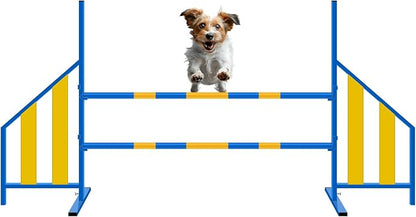Agility Wing Jumps with Bar Dog Training Hedge Metal Frame Adjustable Pet by Seenelling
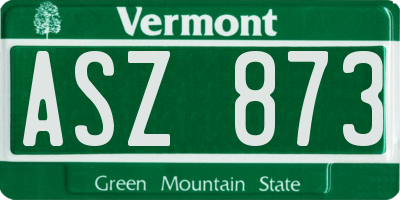 VT license plate ASZ873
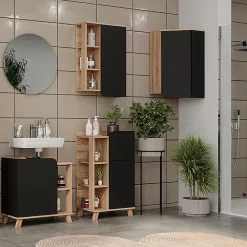 Vicco Armoire de salle de bain Anthracite 50x75cm avec porte et compartiments ouverts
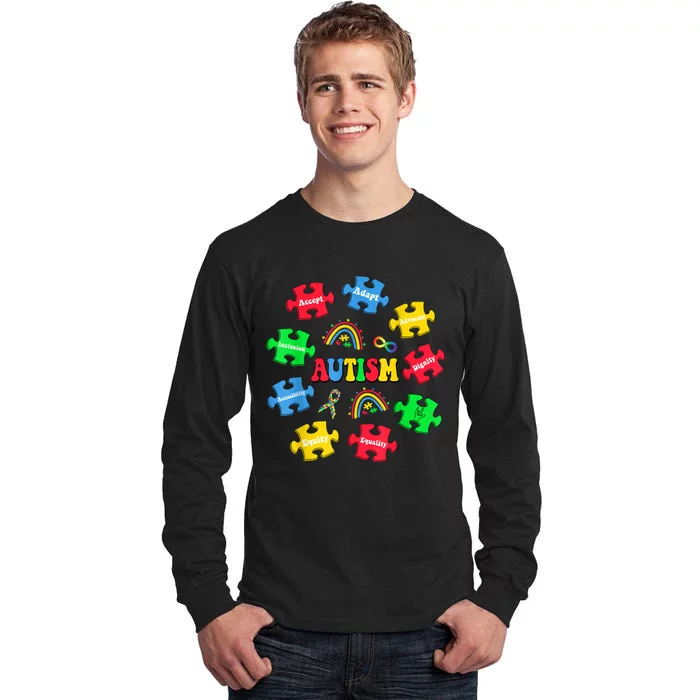 Puzzle Rainbow Autism Awareness Special Education Teacher Tall Long Sleeve T-Shirt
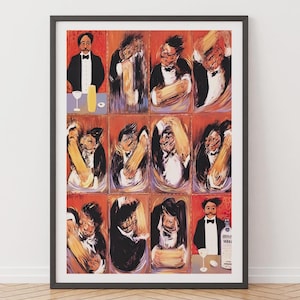 Guy Buffet: La creación del martini perfecto, póster vintage enmarcado de comida y bebida, decoración de bar, póster retro, papel tapiz de cafetería, póster abstracto de martini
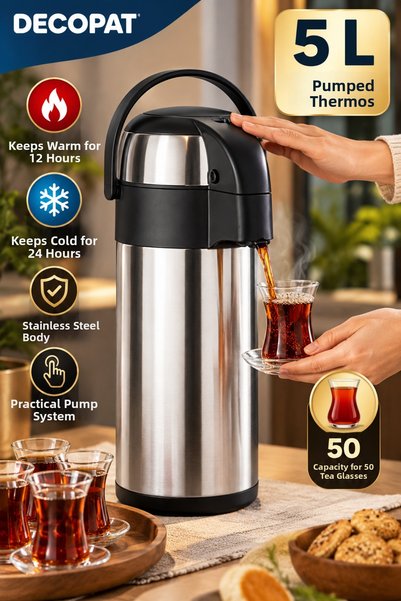 Decopat 5 Liter Top-Press Stainless Steel Thermos, Keeps Hot for 12 Hours and...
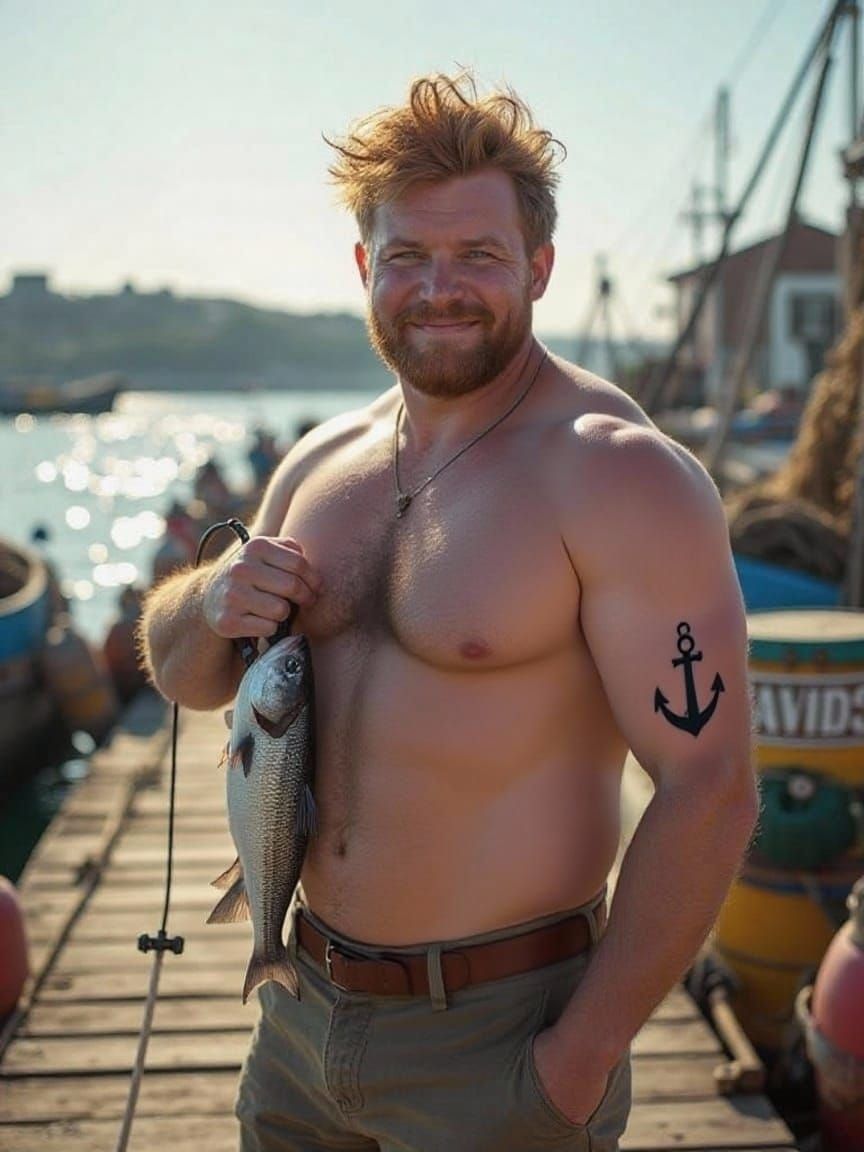 Small Anchor Tattoo on Right Arm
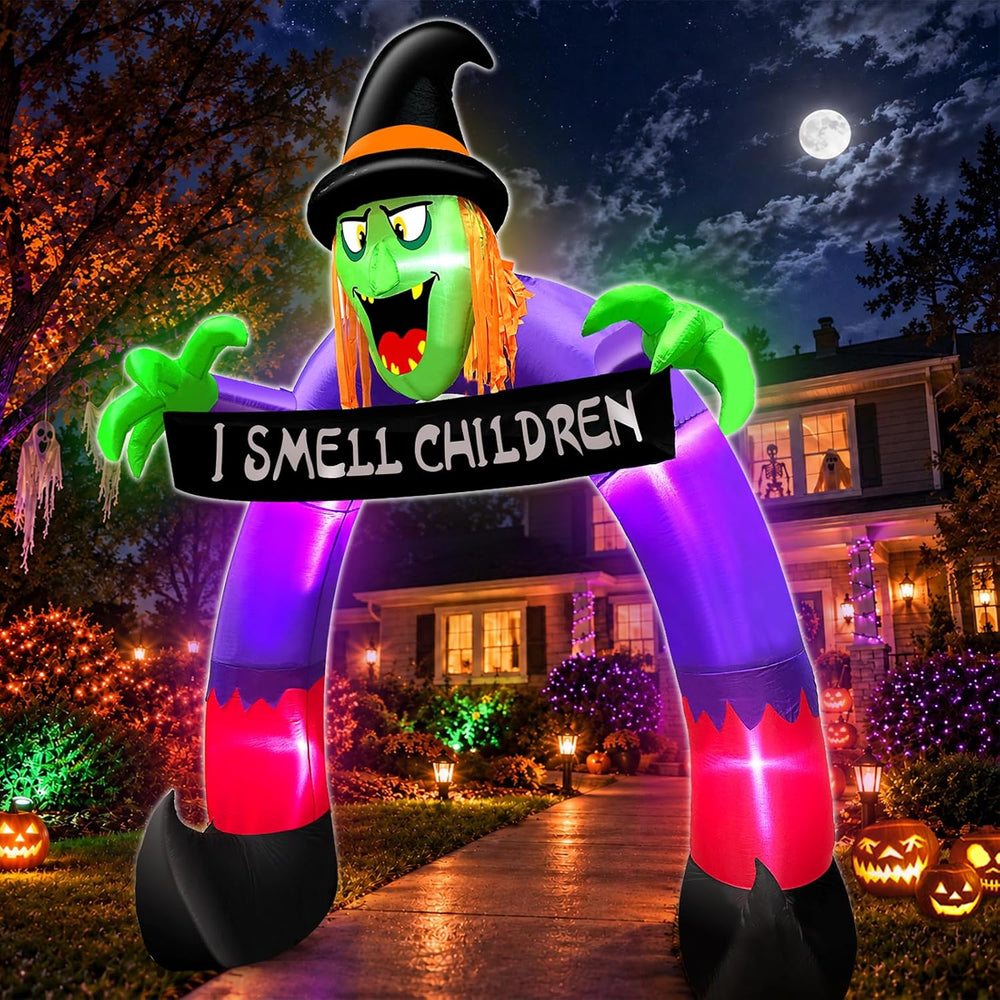 8Ft Halloween Inflatables Outdoor Decorations Witch Holds Banner Archway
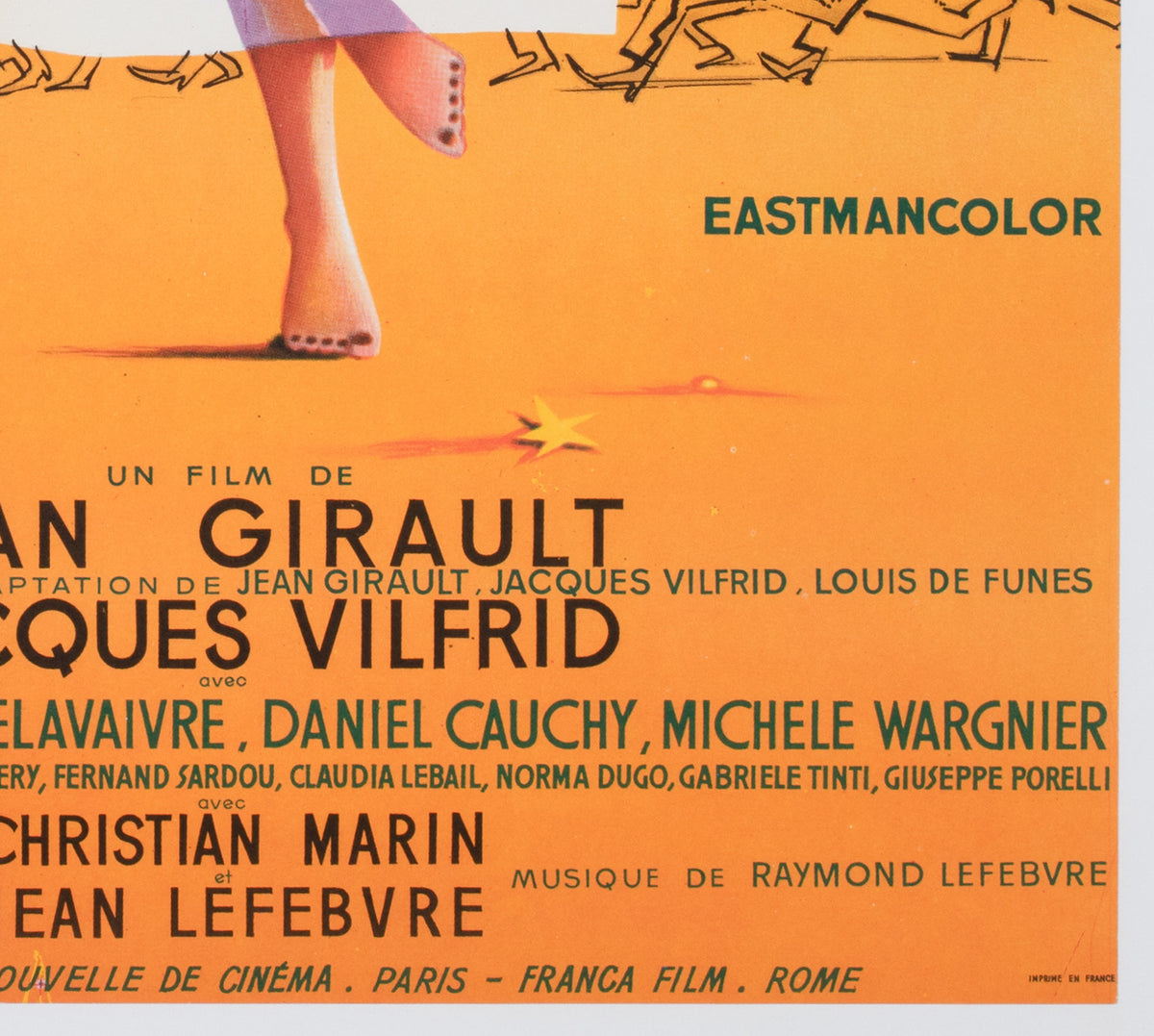 Le gendarme de Saint-Tropez R1966 French Moyenne Film Movie Poster, Clement Hurel - detail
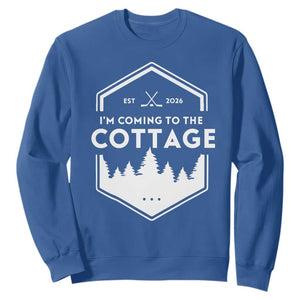 I'm Coming to the Cottage Sweatshirt Rustic Outdoor Retro Forest Hockey Romance TS02 Royal Blue Print Your Wear
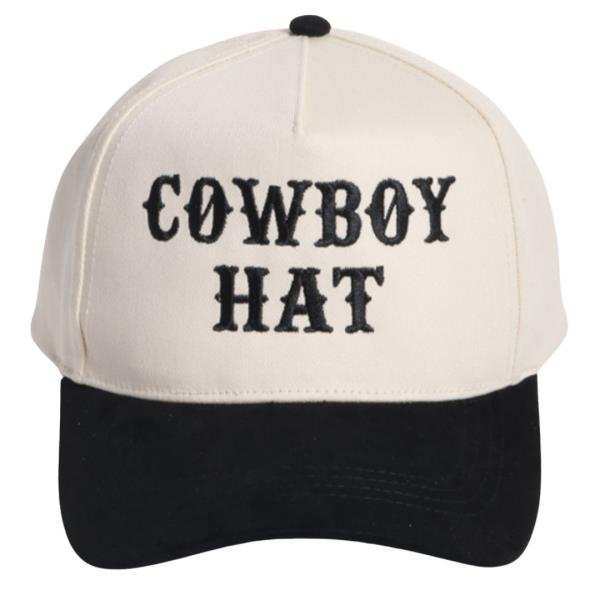 Cowboy Hat Embroidered Suede Brim Baseball Cap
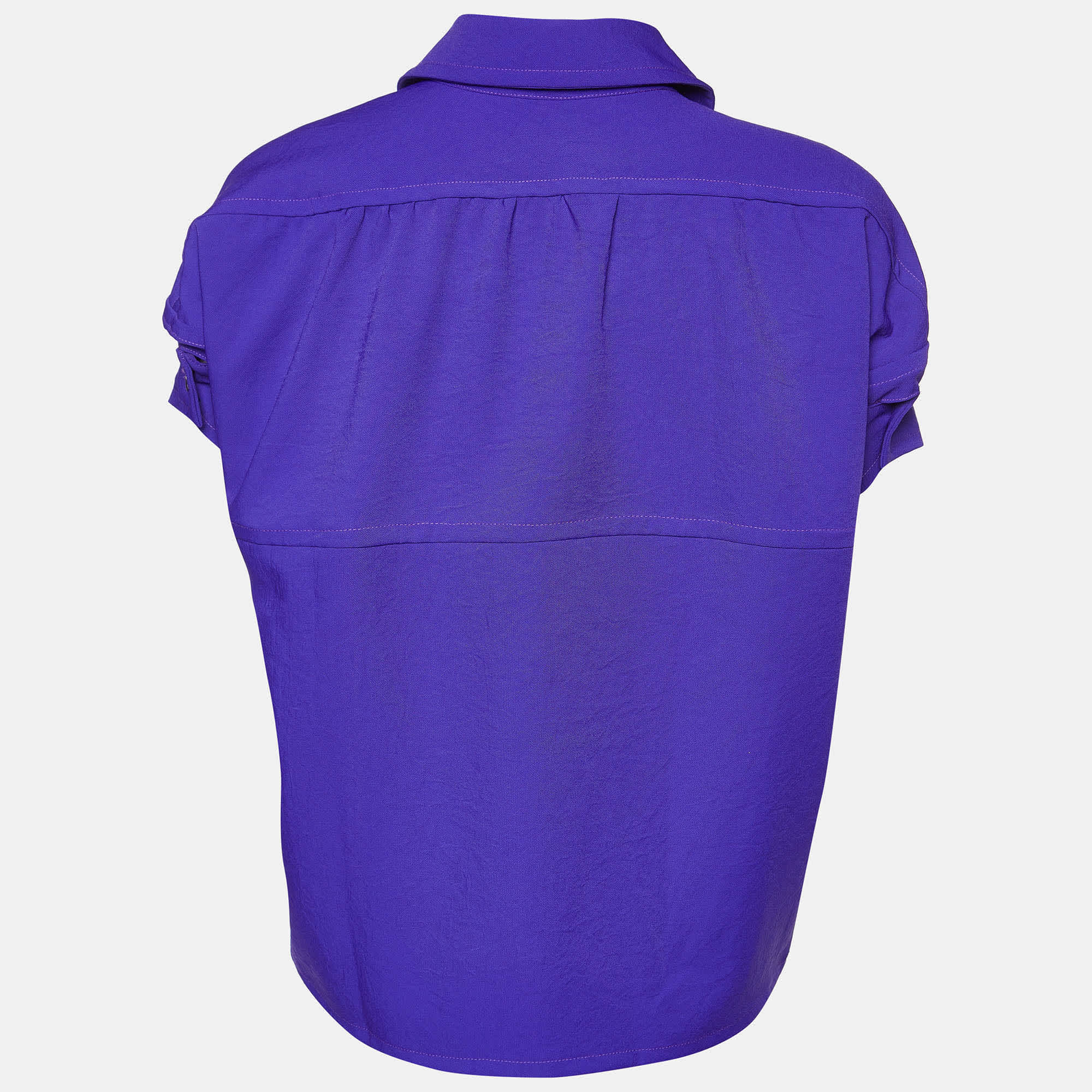 Blue Crepe Puff Sleeve Shirt Blouse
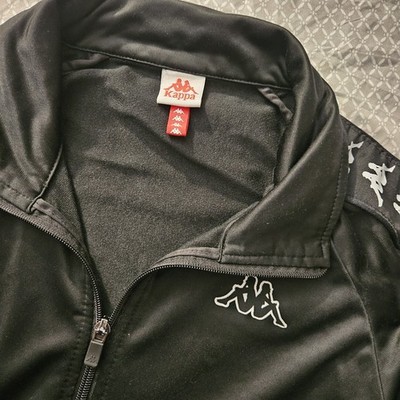 Kappa Track Jacket Mens XL Extra Large Black Full Zip Black White Logo Y2K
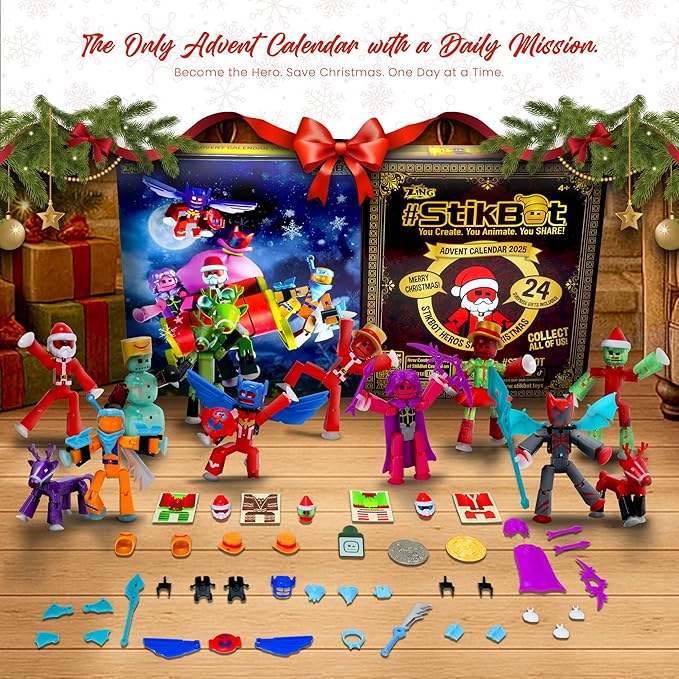 Zing Stikbot Advent Calendar Christmas Countdown Collectable Action Figures. "Hero Save Christmas" Includes Exclusive Stikbots, and Exclusive Collectors’ Items. Create Stop Motion Animation (Stikbot Advent Calendar 2025)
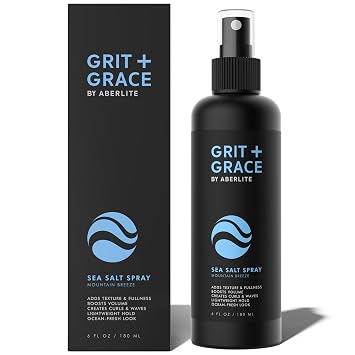 Aberlite Grit+Grace Sea Salt Spray for Men & Women Beach Look - Hair Texture Styling Product for Beach Waves - Curly & Wavy Hair Texture Spray 6 FL OZ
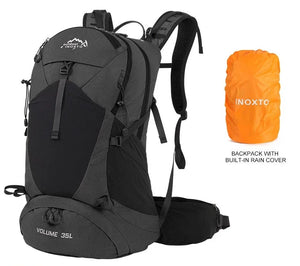 Sac à dos de randonnée / trekking unisexe avec housse de pluie 35L "Outdoor Inoxto - 8107" - Noir | Planète Rando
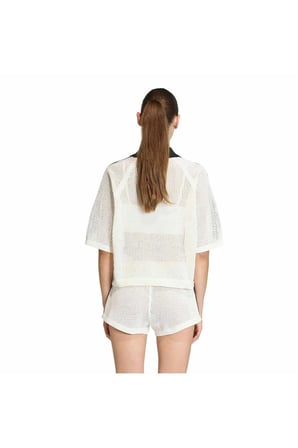 adidas Kadın Beyaz  Polo T-shirt CROCHET POLO KC6490
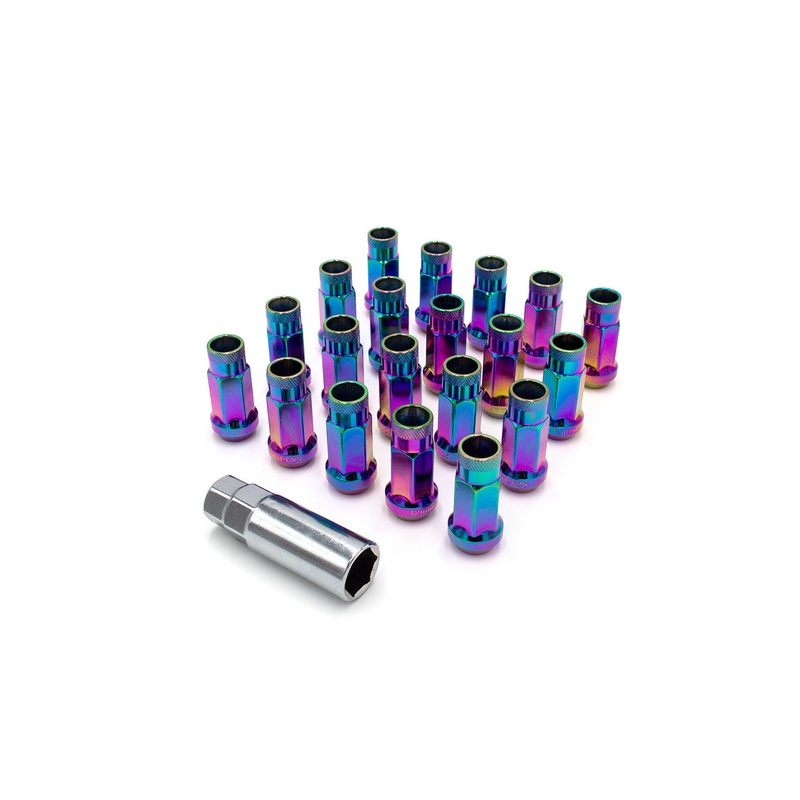 ISR Performance Steel 50mm Open Ended Lug Nuts - M12x1.50 - Neo Chrome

====

REQUIRED ACTION :: From the first line of the records through the line containing "Puzzle Rainbow Autism", please output exactly those lines and nothing more, leaving out the pictures.

EXERCISE SOLUTION ::
Agility Wing Jumps with Bar Dog Training Hedge Metal Frame Adjustable Pet by Seenelling
 VT license plate ASZ873
 Vicco Armoire de salle de bain Anthracite 50x75cm avec porte et compartiments ouverts
 Puzzle Rainbow Autism Awareness Special Education Teacher Tall Long Sleeve T-Shirt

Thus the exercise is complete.